Every Friday, we’ll tackle five big questions for the Cowboys going into the weekend’s game.
1. The Cowboys got killed by Green Bay just as Jessica Simpson declared her renewed love for the team. Are we screwed? You sure are. Just look at this photo recently snapped by the good folks at TMZ. She’s wearing an officially licensed team sweatshirt! GAHHHHHH NOOOOOOO EVERYTHING IS RUINED! I’m telling you, this woman is big-breasted kryptonite. If she gets within a hundred yards of the president, that health care bill will NEVER PASS. I’m not sure I can find a clearer example of one fan being this horrible of a jinx on one team. She’s like clockwork. Fear this woman. SHE’S A WITCH.
2. If the Cowboys lose, are they screwed? Possibly. This stretch of the Redskins and Raiders is the “easiest” remaining part of their schedule. If they don’t win these two games, the gauntlet they face at the end of the year (including the Chargers, Saints, Eagles, and Giants) may end up doing them in. They HAVE to sweep this homestand if they want to avoid yet another second half collapse. I strongly suggest you find a paper bag to hyperventilate into.
3. Will Clinton Portis play? No. DAMN IT ALL! Oh, if only Portis were healthy, and Dan Snyder had forced the Skins coaching staff to keep his glacially slow ass on the field. What a dream that would have been.
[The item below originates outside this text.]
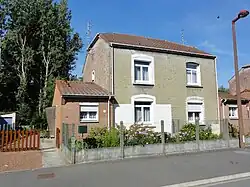 La cité au sud de la fosse.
Alas, Portis is out, and the Cowboys are stuck facing Ladell Betts, who at this point is a better back than Portis. It helps when you aren’t 5,000 pounds.
4. Will Skins punter Hunter Smith hit the video board? No, but that’s the least of the Cowboys’ worries about Smith. The man has already run and passed for touchdowns this season. He is a scoring MACHINE. I’d bench Jason Campbell in favor of Smith yesterday. Hunter Smith is an animal.
5. The Packers sacked Romo five times last week, and now red hot Skins pass rusher Brian Orakpo is in town, and GAHHHHHHH IF THEY FOLD NOW I WILL BEAT MYSELF WITH A LEATHER STRAP UNTIL I PASS OUT! It’s okay. Just hold my hand. Things will be okay.